Spring must be here, because I’m feeling up my chickens.
Let me be precise: two kids are already in the car, we HAVE TO GO, and I am feeling my chickens’ tits (which somehow seems the right word) because son #1 believes that one of the chickens has a growth on its chest. So, we can’t just feel up ONE chicken, no, but in the interest of proper scientific methodology we must do a chicken boob comparison. A rather hurried one at that, which makes the whole enterprise feel a little, well, dirty.
Can you tell people you were late for class because you were feeling up your chickens?
One of the hardest things I have found about home schooling is that nothing -- really, NOTHING goes as planned, ever. Some days things go better, like when everyone is vomiting and confined to bed and has no choice but to read all the historical novels you throw at them. Other days, we spend half an hour looking for everyone’s books and praying to the thoroughly secular god of lost pencils, St. Ticonderoga, for just one little stubby offering, or navigating the brain-sloshing timewarp of sequential toothbrushing and music practice. When you’ve got one doctor’s appointment, nobody gets any school work done, or when someone throws a nutty or sulks because they can’t do their math or walks around the table in circles making inexplicable chicken noises.
This is what it feels like in March. We’re tired, we’re cranky, we’re sick of being cooped up with each other over a long, hard winter and the course of at least four ass-tacular stomach bugs. We’re just managing to start the second “half” of our school year (did I mention it was March?) and it feels like I’m running on carbon dioxide, which never ends well. All of the gremlins are out, even the little bugger that says “what about the socialization?” Am I really doing right by the poor pre-pubescent who’s lonely half the time and physically disturbed by our presence the rest of the time? What about those efficient little schoolchildren who walk from one class to another in the time it takes for two bells to ring? They all start school on time and know where their stuff is, don’t they?

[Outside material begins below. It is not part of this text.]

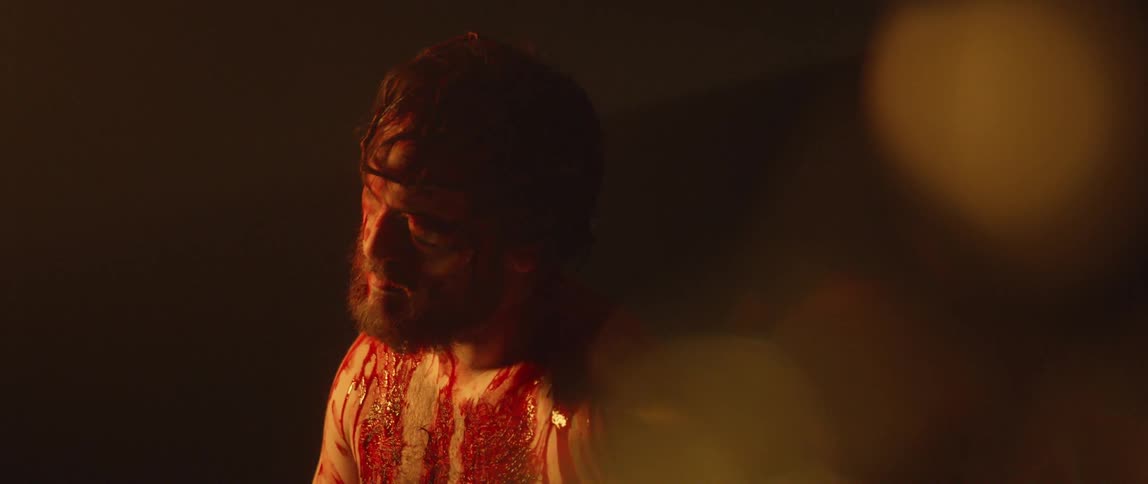 A man covered in blood
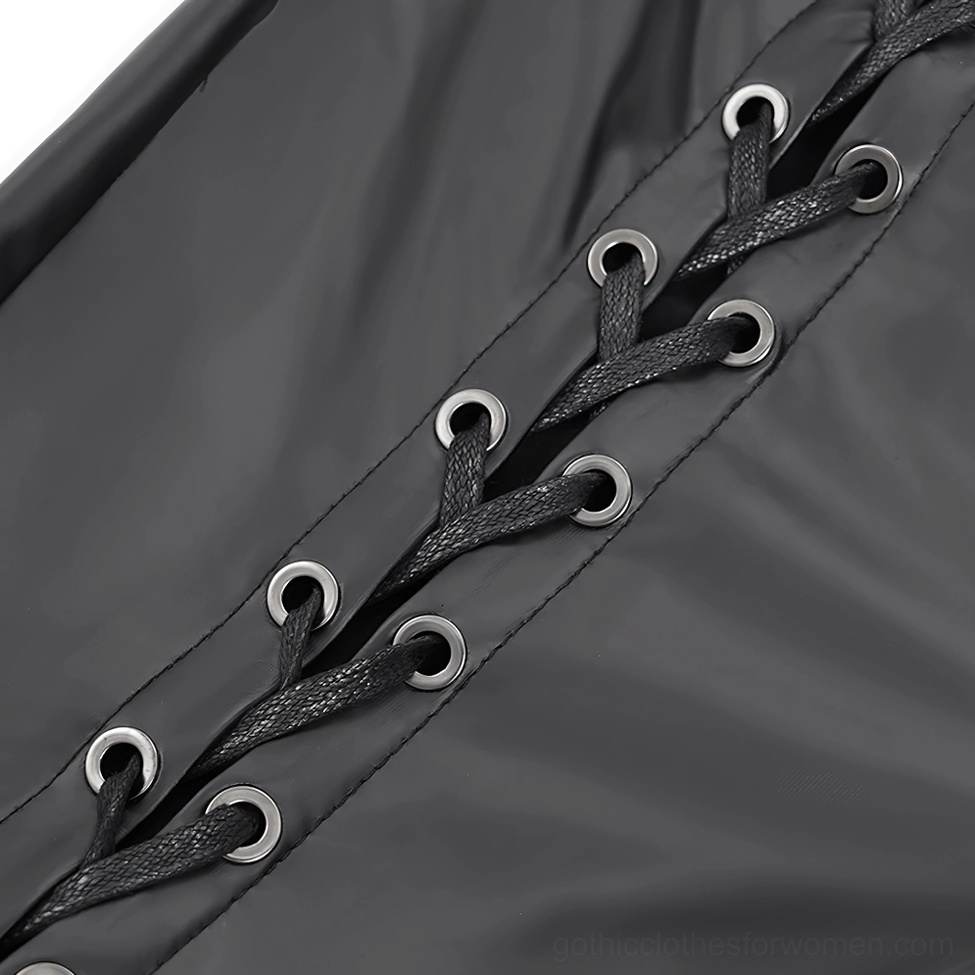 Close-up of metal grommet eyelets and black lace-up ties on gothic pants, side lacing detail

If you homeschool and are a control freak (raise your hand, I know you are) take a deep breath. Chickens do not have boobs as we know them, and you are not in control. I don’t like this either, though the part about the chickens really doesn’t bother me. What does bother me is the feeling of emptiness that comes from doing something really hard without the faith or inspiration to back it up. God hasn’t told me to home school, and neither has anyone else. Last I checked, it was my own idea. So who am I to complain? You know how that feels, unless you have people breaking down your door to tell you what a wonderful job you’re doing.
So what can you do? I’m wondering if faith isn’t about what you believe in as much as what you don’t. If I don’t look behind me, I don’t notice the looming piles of crap and mounds of laundry. No one else seems to. Maybe there’s a metaphor in there. I don’t need to believe in some sort of perfection I can’t achieve. I don’t need the feeling that I’m failing every time my kids can’t find one of their books or doesn’t remember how to do something I taught them just the other day. What if I just check all those expectations and misguided ideas of what home schooling should look like right out the door with all the bags of too-small clothes and old papers? What if it’s really about the journey and just being brave enough to put one foot in front of the other and not look back? What if there are really only a very few things that are important?
What remains to be seen this spring is whether it will be easier to clean out my mind, or my house. Those of you who know me, place your bets now and enjoy the entertainment.
Heck, maybe I'll just walk outside now, not look back, and go feel up my roosters.